Assai criticato è stato il comportamento delle banche retail , che sino a poche settimane dal default hanno suggerito, o non sconsigliato, l'acquisto delle obbligazioni Parmalat. Evidentemente, nell'ipotesi meno censurabile, vi sarebbe stata, come per i tango bonds , una difettosa comunicazione fra la direzione finanziaria e la rete degli sportelli. [25] Non si può inoltre omettere di citare a questo riguardo l'opinione del commissario straordinario di Parmalat Enrico Bondi, che ritiene che le banche avessero la possibilità se non di di conoscere, almeno di nutrire fondati sospetti sulla precaria situazione finanziaria dell'impresa in parola. [26]
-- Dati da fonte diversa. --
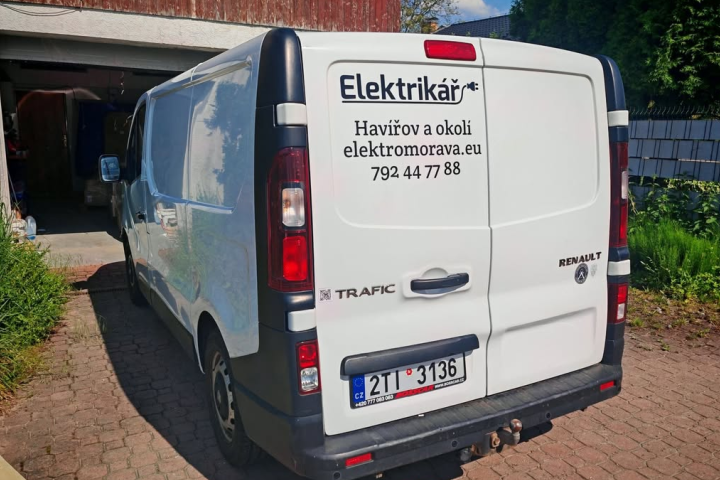 Polepy na auto Ranault Trafic. Částečný polep na zadní dveře dodávky.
Infine anche per Parmalat si è notata una grave carenza nelle agenzie di rating, che non sono state in grado di prevedere l'emersione della crisi. A giustificazione dell'immobilismo è stata addotta la presentazione di bilanci falsi certificati dai revisori. Tuttavia in un articolo apparso sul periodico Rinascimento Popolare Marco Vitale (2004) ha svolto una sintetica analisi comparata dei coefficienti di bilancio del gruppo Parmalat con altri gruppi internazionali del medesimo settore operativo (Danone, Unilever, Nestlé), utilizzando unicamente dati di pubblico dominio (i dati falsi per Parmalat).

L'interessante studio ha evidenziato che vi erano notevoli anomalie del gruppo Parmalat rispetto agli altri gruppi industriali similari. [27] Ci si chiede se tali preoccupanti anomalie fossero state rilevate anche dagli analisti delle agenzie di rating , che, a differenza di Vitale, avevano a disposizione e potevano richiedere direttamente alle società in esame anche informazioni e dati riservati. Una nota agenzia di rating , che classificava le emissioni Parmalat come titoli di investimento a rischio contenuto, solo il 9 dicembre 2003 decideva il loro declassamento alla categoria di titoli speculativi, e nei giorni successivi sollevava seri dubbi sul loro buon fine. Orbene in quei giorni anche l'uomo della strada, leggendo i giornali, si era reso perfettamente conto della grave situazione finanziaria dell'azienda.


[24] Commenta a questo riguardo Marco Vitale (2004): "Pur attribuendo a "quelli di Collecchio una capacità diabolica di imbrogliare i revisori.questi non possono farsi ingannare e sbagliare in questa misura. C'è un limite in tutti i mestieri. Oltre questo limite vuol dire che si è inesistenti, inutili, da cancellare".

[25] Sempre Marco Vitale (2004) non riesce a spiegarsi come, pur in presenza di evidenti anomalie di bilancio, nel novembre 2003 l'analista di Citicorp raccomandasse "buy" con riferimento ai titoli Parmalat. 26 Sul Corriere della Sera del 4 marzo 2005 Enrico Bondi afferma: "Risulta che già nel 1997 fosse evidente una dsifferenza significativa l'esposizione debitoria dichiarata a bilancio e quella rilevabile attraverso Bloombetrg e la Centrale rischi della Banca d'Italia".

[27] In particolare il rapporto Debito/Fatturato alla fine del 2002 corrispondeva a 44,3 per Parmalat, a 24,8 per Danone, a 16 per Nestlé ed a 7,2 per Unilever. Nel periodo 2000-2003 il Cash flow , di Parmalat si riduceva drammaticamente, mentre aumentava negli altri tre gruppi (Vitale 2004).